I had a long conversation with a mate who now works for LNG in the preliminaries and he basically confirmed most of my thoughts about the situation, himself having been approached by one of the big bosses who asked him, as a local how did he think other locals felt about the situation. This boom will not be like any other that this industrial town has experienced over the years. Traditionally, a major construction construction project would last 4-5 years and construction workers would flood the town. The married men would bring their families and the towns semi-permanent population would swell. They needed to buy or at least rent houses and to then fill them with all manner of goods. The semi-permanent residency of large numbers of workers and their families created strong local demand for goods and services.

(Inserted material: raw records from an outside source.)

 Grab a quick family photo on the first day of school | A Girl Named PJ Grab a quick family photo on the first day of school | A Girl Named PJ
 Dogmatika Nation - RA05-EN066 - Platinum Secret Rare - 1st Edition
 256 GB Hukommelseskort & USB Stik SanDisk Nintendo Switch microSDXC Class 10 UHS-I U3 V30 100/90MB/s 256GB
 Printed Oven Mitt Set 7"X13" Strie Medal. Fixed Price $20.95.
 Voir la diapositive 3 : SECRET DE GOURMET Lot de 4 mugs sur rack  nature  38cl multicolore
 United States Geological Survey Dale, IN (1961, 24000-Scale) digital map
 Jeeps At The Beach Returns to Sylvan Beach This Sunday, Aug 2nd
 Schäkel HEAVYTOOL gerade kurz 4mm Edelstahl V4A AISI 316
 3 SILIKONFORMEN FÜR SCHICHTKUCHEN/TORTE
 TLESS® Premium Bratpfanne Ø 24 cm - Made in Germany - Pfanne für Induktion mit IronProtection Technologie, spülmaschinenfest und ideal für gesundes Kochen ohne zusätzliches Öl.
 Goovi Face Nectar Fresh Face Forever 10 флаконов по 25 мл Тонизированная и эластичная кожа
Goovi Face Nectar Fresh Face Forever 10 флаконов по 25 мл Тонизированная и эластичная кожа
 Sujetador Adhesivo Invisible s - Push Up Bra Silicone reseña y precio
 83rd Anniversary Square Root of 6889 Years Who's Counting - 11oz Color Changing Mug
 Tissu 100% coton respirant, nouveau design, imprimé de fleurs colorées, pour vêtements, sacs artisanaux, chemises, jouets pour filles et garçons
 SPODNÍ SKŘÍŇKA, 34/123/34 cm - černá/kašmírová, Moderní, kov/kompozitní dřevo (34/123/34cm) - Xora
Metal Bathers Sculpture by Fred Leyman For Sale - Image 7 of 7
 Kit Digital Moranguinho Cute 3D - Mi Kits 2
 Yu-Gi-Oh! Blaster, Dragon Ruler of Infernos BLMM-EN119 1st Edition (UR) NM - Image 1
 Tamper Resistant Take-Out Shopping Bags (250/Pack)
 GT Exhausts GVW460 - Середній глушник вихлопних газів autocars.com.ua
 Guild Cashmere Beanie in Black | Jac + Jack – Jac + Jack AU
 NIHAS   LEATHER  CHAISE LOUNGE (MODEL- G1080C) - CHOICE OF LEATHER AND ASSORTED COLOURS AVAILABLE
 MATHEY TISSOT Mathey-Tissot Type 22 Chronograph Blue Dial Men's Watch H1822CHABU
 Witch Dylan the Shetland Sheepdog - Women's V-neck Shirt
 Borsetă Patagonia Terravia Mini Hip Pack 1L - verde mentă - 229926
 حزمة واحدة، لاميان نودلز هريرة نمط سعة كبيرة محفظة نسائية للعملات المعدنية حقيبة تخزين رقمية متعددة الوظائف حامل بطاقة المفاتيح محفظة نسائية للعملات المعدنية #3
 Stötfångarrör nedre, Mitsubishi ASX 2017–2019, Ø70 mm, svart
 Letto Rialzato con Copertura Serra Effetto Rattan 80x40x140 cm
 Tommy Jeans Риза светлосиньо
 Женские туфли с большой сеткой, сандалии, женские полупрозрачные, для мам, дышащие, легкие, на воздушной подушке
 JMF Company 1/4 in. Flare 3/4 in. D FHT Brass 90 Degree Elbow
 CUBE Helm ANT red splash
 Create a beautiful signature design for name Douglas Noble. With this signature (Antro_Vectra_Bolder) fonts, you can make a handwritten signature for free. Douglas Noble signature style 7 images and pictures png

But this situation will now change. There is a new kid on the block – the FIFO (fly in/ fly out worker) and the workforce will consist mainly of these. Few locals will be needed. FIFO’s reside permanently in other parts of the country (Perth, Brisbane, Sydney etc). They do not need houses for their families since they do not bring them, they live in workers camps and rental accomodation. They do not require anything like the level of local goods and services that a more settled workforce does. They have home and families on the other side of the country – they will fly in, work their shift and then fly home again, taking most of their money with them.
If much of the income generated simply bypasses the town, where is the ongoing demand needed to support the investment currently gearing up going to come from? If significant amounts of money from the projects do not enter our local economy, why would huge numbers of secondary jobs be created? After all, they can only be sustained if there is ongoing demand. Something of a “gold rush mentality” is prevailing here at present – I think some of the forecasts are wildly optimistic.
Long story short – private investment is good but if, for whatever reason(s), private consumption spending fails to grow to match it, it will probably end up withering on the vine.
Does anybody know what is how and how much iron ore production is currently taxed in Australia? I’d appreciate any link.
MamMoth,
do you mean the state royalties on iron ore? Google stuff about WA increasing royalties because stories I read had the numbers. From memory lump and fines were taxed at different rates and what WA was actually proposed was to rise one so both were the same.
Mike, I googled but couldn’t find what I’m looking for. I read something about WA raising its taxes which will reduce the income from taxes at the national level… I know the former is about 7%, the latter about 30% but I don’t know if these percentages apply to income, or profits, or whatever, and if there are additional corporate taxes that also apply to iron ore production.